What you are asked to do:
Please give the lines below again exactly as they stand, from the one that contains "Biblické manželstvo: Biblické" up to and including the one that contains "How to pronounce", leaving all pictures out.

Material to process:
☆ ☆ ☆ ☆
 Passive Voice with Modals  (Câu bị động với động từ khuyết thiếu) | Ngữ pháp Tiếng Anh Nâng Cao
☆ ☆ ☆ ☆
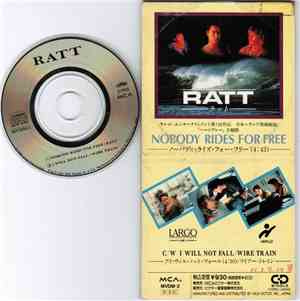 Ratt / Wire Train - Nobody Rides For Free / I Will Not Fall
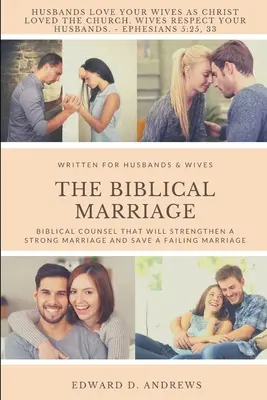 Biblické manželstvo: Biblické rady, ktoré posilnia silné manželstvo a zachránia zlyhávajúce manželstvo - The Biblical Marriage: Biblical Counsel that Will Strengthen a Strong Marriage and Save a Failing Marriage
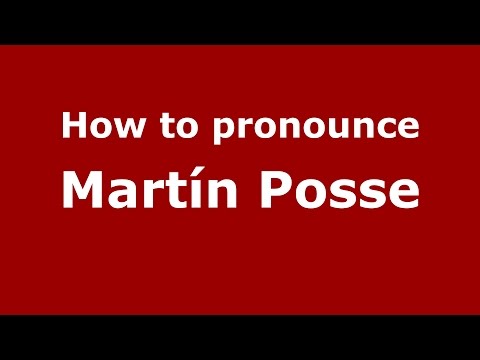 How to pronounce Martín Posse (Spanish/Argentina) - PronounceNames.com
☆ ☆ ☆ ☆
Task result:
 Biblické manželstvo: Biblické rady, ktoré posilnia silné manželstvo a zachránia zlyhávajúce manželstvo - The Biblical Marriage: Biblical Counsel that Will Strengthen a Strong Marriage and Save a Failing Marriage
 How to pronounce Martín Posse (Spanish/Argentina) - PronounceNames.com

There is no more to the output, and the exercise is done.